Rund 50.000 Lehrer, Schüler und Eltern demonstrierten gegen die Abschaffung der Gymnasien.

Es war eine der tränenreichsten Demonstrationen in Polen – Eltern weinten um ihre Kinder, Lehrer um ihren Arbeitsplatz und zusammen machten sie 50.000 Personen aus, die gegen die geplante Schulpolitik in Warschau auf die Straße gingen. "Nein zum Chaos in der Schule" so der Leitspruch der Lehrergewerkschaft ZNP gegen die Abschaffung der 6500 polnischen Gymnasien, wo 101.000 Lehrer arbeiten.

Damit würde, so die Kritiker, eines der größten Erfolgsprojekte des Landes gefährdet. Denn polnische Schulen stehen nach Angaben der OSZE mittlerweile auf dem fünften Platz in Europa, beim letzten PISA-Test mischten die Eleven aus Polen ganz oben mit.

In Polen gilt seit 17 Jahren ein Schulsystem, dass aus einer sechsjährigen Grundschule besteht, einem dreijährigen Gymnasium, das für alle verbindlich ist, sowie dem Lyzeum, das nach drei Jahren zum Abitur führt.

Engpass befürchtet

Nach Auflösung der Gymnasien soll die Grundschule acht, das Lyzeum vier Jahre dauern; die einschneidende Reform soll nächsten September in Kraft treten. Besonders befürchtet wird ein Engpass. In drei Jahren treffen zwei Jahrgänge, die Abgänger der verlängerten Grundschule, und der letzte der noch bestehenden Gymnasien auf die Lyzeen – die theoretisch doppelt soviel Kapazität haben müssten. Somit werden viele begabte Schüler auf die Berufsschule gezwungen.

Dies trieb Eltern und Lehrer bei strömenden Regen auf die Barrikaden. Lehrer der Gymnasien befürchten durch die Reform auf der Straße zu landen, einen Beamtenstatus gibt es für sie nicht. Erziehungsministerin Anna Zalewska versuchte angesichts der Massen, die Gemüter zu beruhigen – "es ist alles durchdacht". Das Reformpaket "Gute Schule" wurde offiziell angestrebt, da es auf polnischen Gymnasien zu viel Gewalt und Drogen gebe.

Die seit einem Jahr regierende Partei "Recht und Gerechtigkeit" (PiS) krempelt den Staat kräftig um.
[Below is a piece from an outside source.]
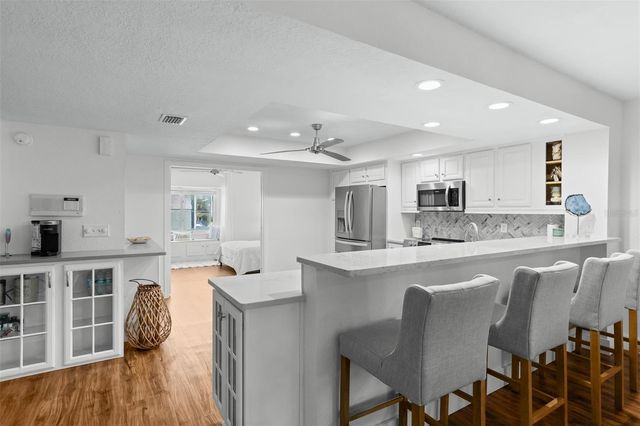 545 PINELLAS BAYWAY S 301, St Petersburg, FL 33715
Mit der Veränderung kehrt Polen zum alten System aus den Zeiten des Sozialismus zurück.

"Früher war es besser"

"Früher war es doch besser" unter diesem Motto werde die Reform vielen älteren Polen vermittelt, so Miroslaw Handke in einem Interview. Der ehemalige Bildungsminister, der die Reform 1999 einführte, sieht vor allem die Chancengleichheit für Schüler auf dem Land gefährdet. Damals wurde das System gerade wegen des Niveauunterschieds zwischen Stadt und Land eingeführt, um Polen auch im Ausland höhere Chancen zu vermitteln, wo sie oft als wenig gebildete Erntehelfer gesehen werden.

Die Protestierenden schrieben einen offenen Brief an den Präsidenten. Da jedoch viele Oppositionspolitiker bei der Demonstration anwesend waren, sehen PiS-Politiker den Protest als politische Manifestation gegen die Regierung. Laut Umfragen sind 48 Prozent der Polen gegen die Reform, die auch eine Verminderung des naturwissenschaftlichen Unterrichts und eine Erweiterung von polnischer Geschichte und Patriotismus vorsieht.